Kapoor Singh warned all those present there not to utter a word.
Accused Komal thereafter kicked the deceased and all of them went away
from there. However, one Ashok Sindhi informed head-constable Dayaram,
who was on duty at that time at the Municipal House that some one has
beaten one constable near the shop of Santosh. On receiving this
information, head-constable Dayaram reached the spot and found the
deceased lying seriously wounded. Suspecting the hands of present
respondents and their friends in it because of the earlier attempt for
their arrest, he informed his officer at police station. The Officer-
in-charge of the police station thereafter reached the spot, inspected
it and seized the blood stained and non-stained mud from the spot and
the blood stained stone which was also lying nearby together with a
wooden handle of Gupti. Subsequently, after his arrest accused Manni
had led to the discovery of the remaining part of the Gupti, which was
used by him in the crime. The deceased who was at that time only
injured was immediately referred to Hospital and from the Hospital was
referred to Gwalior for better treatment. On reaching Gwalior he was
declared dead at Gwalior Hospital by the doctor concerned. Autopsy was
performed by Dr. Vijay Kumar Diwan (PW-5) and it was found that he has
succumbed to the injuries found on the body. Dr. V.S. Singh (PW-15),
who had examined the deceased in Seodha, had found one lacerated wound
on the parietal region, one abrasion on the neck and five incised
wounds. Out of these five incised wounds two were on the left side of
his face, one below the ear and the other on the mandible and remaining
three were on the right side of the face, one on the ear and two on the
mandible.
The three accused persons who were tried jointly with two other
co-accused persons preferred an appeal before the High Court. The
primary stand before the High Court was that the medical evidence was
at variance with the ocular evidence. Many persons who were stated to
be present during the occurrence were not examined and on the basis of
evidence of partisan witnesses, the conviction has been recorded and,
therefore, the judgment was indefensible. The High Court by the
impugned judgment held that the medical evidence was at variance with
the ocular evidence, by reference to PW 15 who has stated that the
Gupti which was supposed to be used was not sharp enough to cause the
injuries. There was manipulation in records. Though the place of
occurrence was nearby the police station, the information at the police
station was lodged after a considerable lapse of time.

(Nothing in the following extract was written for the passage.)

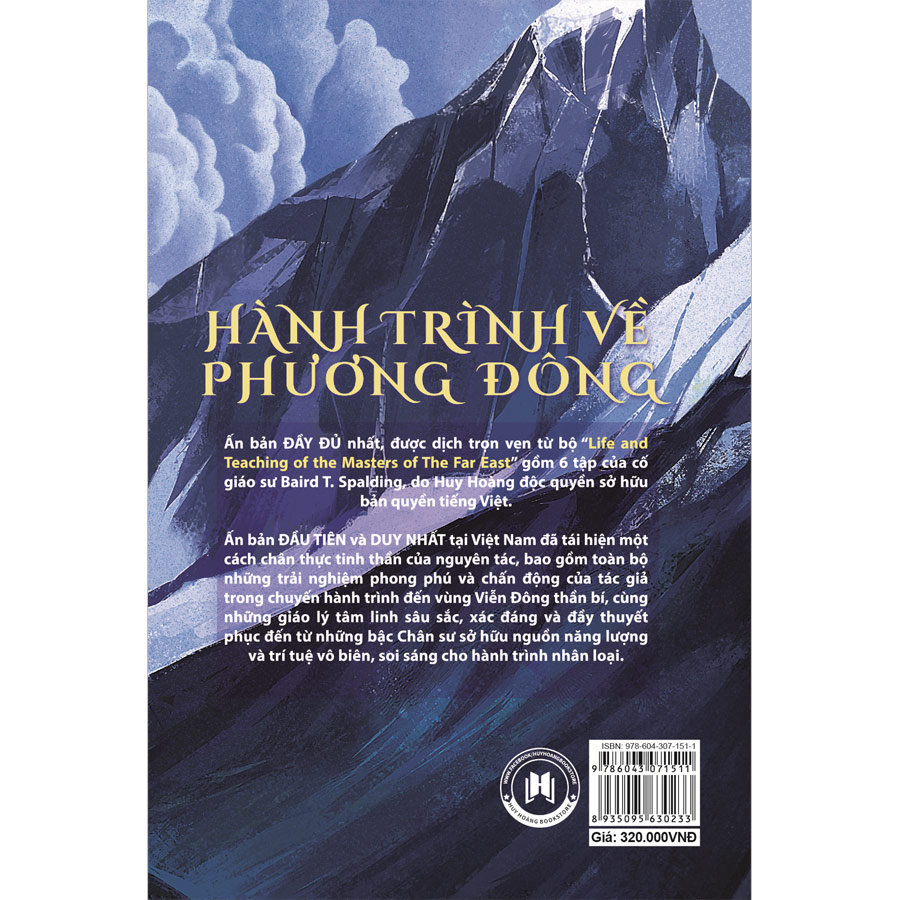 Hành Trình Về Phương Đông (HH)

The High Court noticed that there was inconsistency in the
evidence of so called eye witnesses i.e. PWs. 13 and 16. It was
observed discrepancies were not only between the statements of these
witnesses but the statement of each one of them was also inconsistent
with his earlier statement recorded during investigation. Therefore,
they cannot be relied upon in view of the fact that some of them had a
criminal background their evidence was not worthy of credence.
Accordingly the judgment of the trial Court has been set aside.
In support of the appeal learned counsel for the appellant-State
submitted that the High Court has without any justifiable reason
discarded the cogent and credible evidence of the prosecution version.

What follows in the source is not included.